# Using CSV data
<a name="using-CSV-data"></a>

 Neptune Analytics, like [Neptune Database](https://docs.aws.amazon.com//neptune/latest/userguide/bulk-load-tutorial-format.html), supports two csv formats for loading graph data: [csv](https://docs.aws.amazon.com//neptune/latest/userguide/bulk-load-tutorial-format-gremlin.html) and [opencypher](https://docs.aws.amazon.com//neptune/latest/userguide/bulk-load-tutorial-format-opencypher.html). Both are csv-based formats with a specified schema. A csv file must contain a header row and the column values. The remainder of the files are interpreted based on the corresponding header column. The header could contain predefined system column names and user-defined column names, annotated with predefined datatypes and cardinality. 

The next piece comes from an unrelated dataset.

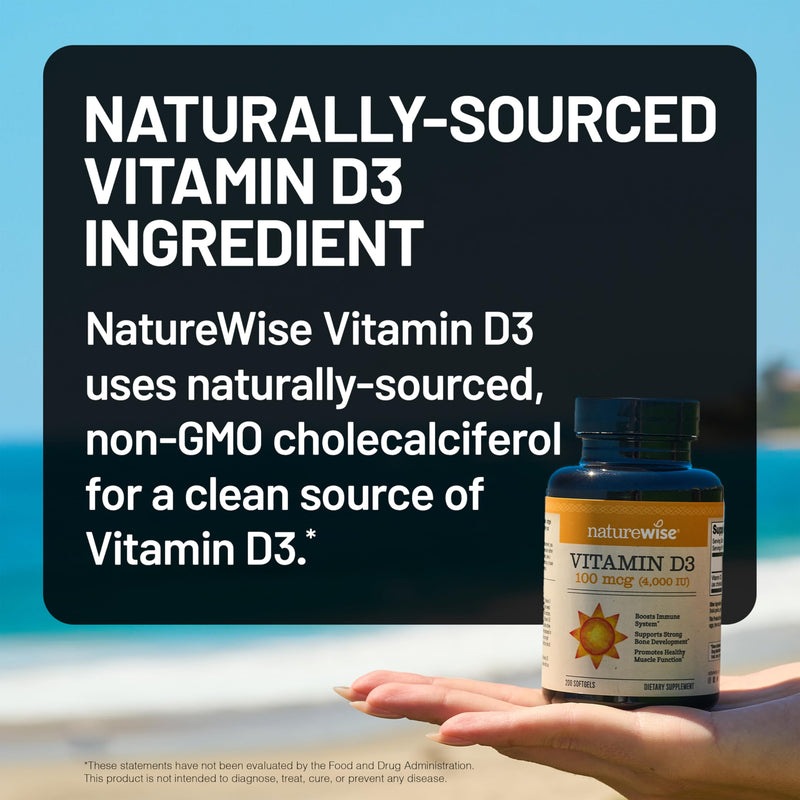 NatureWise Vitamin D3 4000IU Supplement, Immune Support, 90 Mini Softgels | Vitamin D 100 mcg - Organic Extra Virgin Olive Oil - Muscle & Bone Support - Gluten Free & USA Manufactured - 90-Day Supply 90 Count (Pack of 1) 4000 IU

## Behavioral differences from Neptune csv (opencypher) format
<a name="using-CSV-data-differences"></a>

**Edge files**:
+  The `~id` (`:ID`) column in `edge` (`relationship`) files in `CSV` (`opencypher`) format is not supported. It is ignored if provided in any of the `edge` (`relationship`) files. 

**Vertex files**:
+  Only explicitly provided labels are associated with the vertices. If the label provided is empty, the vertex is added without a label. If a row contains just the vertex id without any labels or properties then the row is ignored, and no vertex is added. For more information about vertices, see [vertices](query-openCypher-data-model.md#query-openCypher-data-model-vertices). 

**Edge or vertex files**:
+  Unlike Neptune Database, a vertex identifier can appear just in edge files. Neptune Analytics allows loading just the edge data from files in Amazon S3, and running an algorithm over the data without needing to provide any additional vertex information. The edges are created between vertices with the given identifiers, and the vertices have no labels or properties unless any are provided in the vertex files. For more information on vertices and what they are, see [vertices](query-openCypher-data-model.md#query-openCypher-data-model-vertices). 
+  Unlike Neptune Database, Neptune Analytics doesn't convert the `Date` type into `Datetime` type. 

## Supported column types
<a name="using-CSV-data-supported-types"></a>

### Date and Datetime
<a name="using-CSV-data-date-datetime"></a>

 The `Date` column type is supported. The following date formats are supported: `yyyy-MM-dd`, `yyyy-MM-dd[+|-]hhmm`. To include time along with date, use the `Datetime` column type instead. 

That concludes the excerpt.